The signal event was Saudi Arabia's Global Health Exhibition (GHE) 2025 in Riyadh, which generated $35.5 billion in signed deals and partnerships — a six-fold increase in private-sector B2B deal value year-over-year. Over 130,000 attendees, 2,200 exhibiting brands, and 600+ speakers from 25 countries converged under the theme "Invest in Health," reflecting the region's emergence as a global healthcare investment destination.
This article provides a data-driven analysis of the MENA medical device market in 2026, covering market size, investment flows, country-level dynamics, and the structural drivers reshaping the competitive landscape.

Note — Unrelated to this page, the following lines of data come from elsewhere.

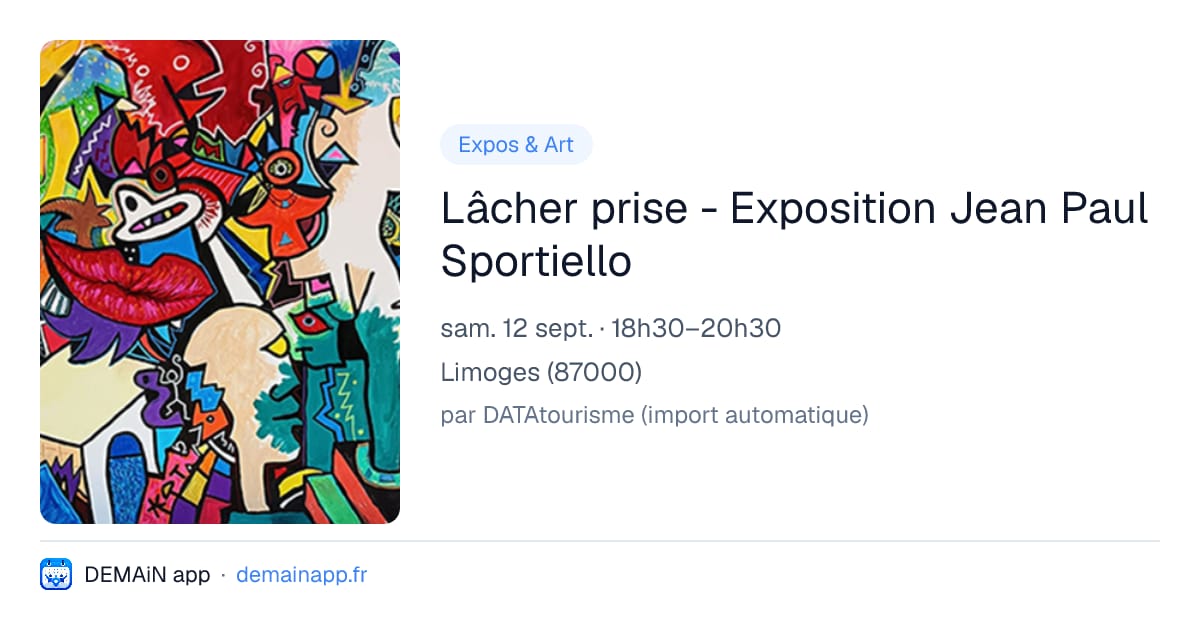 Lâcher prise - Exposition Jean Paul Sportiello — Limoges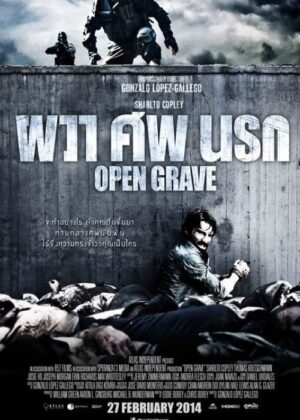 ดูหนัง Open Grave (2013) ผวา ศพ นรก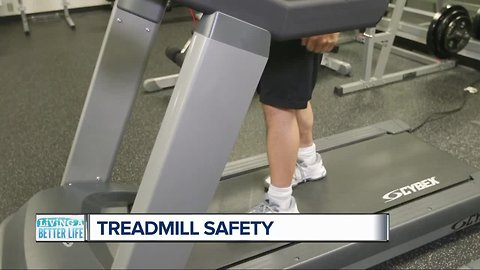 Living a Better Life: Treadmill safety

Market Size & Growth Projections
Overall MENA Market
The MENA medical device market comprises two overlapping geographies, each measured differently by research firms:
| Metric | Value | Source |
|---|---|---|
| ME&A medical devices market (2025) | $24.61 billion | Fortune Business Insights |
| ME&A projected market (2032) | $34.95 billion | Fortune Business Insights |
| ME&A CAGR (2025–2032) | 5.1% | Fortune Business Insights |
| Middle East devices market (2023) | $10.97 billion | Grand View Research |
| Middle East projected (2030) | $14.37 billion | Grand View Research |
| Middle East CAGR (2024–2030) | 3.9% | Grand View Research |
| MENA healthcare services market (2024) | $241.13 billion | Kinmed Analysis |
| MENA healthcare services CAGR | 7.0% through 2032 | Kinmed Analysis |
The divergence between the broader ME&A figures ($24.6B) and the narrower Middle East figures ($11–14B) reflects the inclusion of sub-Saharan Africa and different device category definitions. Both trajectories confirm sustained above-global-average growth.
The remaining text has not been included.